Data above the webroot

Background: I’m developing a PHP/MySQL app where each account has its own MySQL database (an account would be for a company with multiple users, not 1 db for each user). A central ‘users’ database stores all accounts and users and points the incoming user login to their correct account db. One feature of the app is that users can upload and store files on my server.

Ok, I’ve got two concerns…

  1. I’m storing user upload files 1 level above the web-root. This is mainly to protect user’s data. I’m filtering the uploads and only allowing acceptable data types (.pdf, etc… no executables). My question here is: are there any concerns with users uploading malicious files? What could happen?

  2. My other concern is that I have a php file located above the web-root that contains the username and password for the ‘user’ db and all of the account content dbs. Even though the passwords are located outside of the web-root, I’m concerned about every account’s individual database having the same username and password located in a single file. Is this a valid concern?

Thanks for you help.


First, the answer to the unasked question: You can keep your users separate via permissions set for users only allowing access to specified tables and preferably limited to INSERT, UPDATE and DELETE actions.

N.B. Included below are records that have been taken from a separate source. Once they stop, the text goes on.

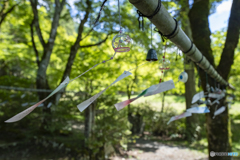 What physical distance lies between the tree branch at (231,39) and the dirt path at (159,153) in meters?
3.95

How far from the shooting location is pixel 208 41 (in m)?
Answer: 4.29

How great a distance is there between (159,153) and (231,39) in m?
5.20

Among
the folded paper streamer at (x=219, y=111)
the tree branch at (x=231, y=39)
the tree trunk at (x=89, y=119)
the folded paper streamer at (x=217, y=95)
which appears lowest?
the tree trunk at (x=89, y=119)

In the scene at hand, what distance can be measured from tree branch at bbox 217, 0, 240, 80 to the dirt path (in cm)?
395

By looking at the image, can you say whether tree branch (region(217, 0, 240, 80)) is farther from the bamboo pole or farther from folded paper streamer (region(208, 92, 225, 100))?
the bamboo pole

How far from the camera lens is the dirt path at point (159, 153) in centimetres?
631

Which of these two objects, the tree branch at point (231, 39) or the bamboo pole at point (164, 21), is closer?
the bamboo pole at point (164, 21)

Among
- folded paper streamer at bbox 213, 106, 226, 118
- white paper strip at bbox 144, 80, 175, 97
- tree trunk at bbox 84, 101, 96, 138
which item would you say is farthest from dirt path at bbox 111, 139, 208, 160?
white paper strip at bbox 144, 80, 175, 97

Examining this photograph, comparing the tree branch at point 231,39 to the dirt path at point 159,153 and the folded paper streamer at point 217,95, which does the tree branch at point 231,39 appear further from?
the dirt path at point 159,153

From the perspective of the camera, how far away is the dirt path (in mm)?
6305

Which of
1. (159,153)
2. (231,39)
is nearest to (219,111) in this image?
(231,39)

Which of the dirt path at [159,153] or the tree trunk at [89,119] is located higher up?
the tree trunk at [89,119]

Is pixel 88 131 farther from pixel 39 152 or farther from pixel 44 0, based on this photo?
pixel 44 0

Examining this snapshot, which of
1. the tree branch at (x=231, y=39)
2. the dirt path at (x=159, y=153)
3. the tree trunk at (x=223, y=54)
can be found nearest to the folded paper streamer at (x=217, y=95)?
the tree trunk at (x=223, y=54)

A1. Of course you should be concerned about protecting user data as, with access (via a PHP script) to files outside the webspace, they can do anything with that including accessing your login script, not just others files. With no way for Apache (or PHP) to differentiate your users from you, they will have all the permissions you have.

You think PDFs are safe? What about the JS contained within the PDF files? They are security issues and have been for some time. I will only allow my clients to upload JPG or GIF images to the upload directory and move them to their website only after recreating the image anew with GD (copy image then resize) for the belief that GD will not pass along any “payload” embedded in the images.

A2. No, you should NOT use the same username and password for your users! As mentioned in response to the unasked question above, keep your db users separated by the tables they’re allowed to access (with very limited access). Anything beyond that is “professional suicide,” IMHO.

Okay, you’re thinking like a host, not a hacker. Change your hat and consider the things you could do to hack your site the way you’ve suggested configuring it. If you can think of the patches necessary to block those hacks, you’ve probably discovered 10% of the hacks good hackers can exploit so my recommendation is to GET PARANOID! You’ve taken the first step by asking your questions, now try to “break it” and see how far you get as your own “black hat” (okay, “white hat” as you don’t want to damage your computer or its files).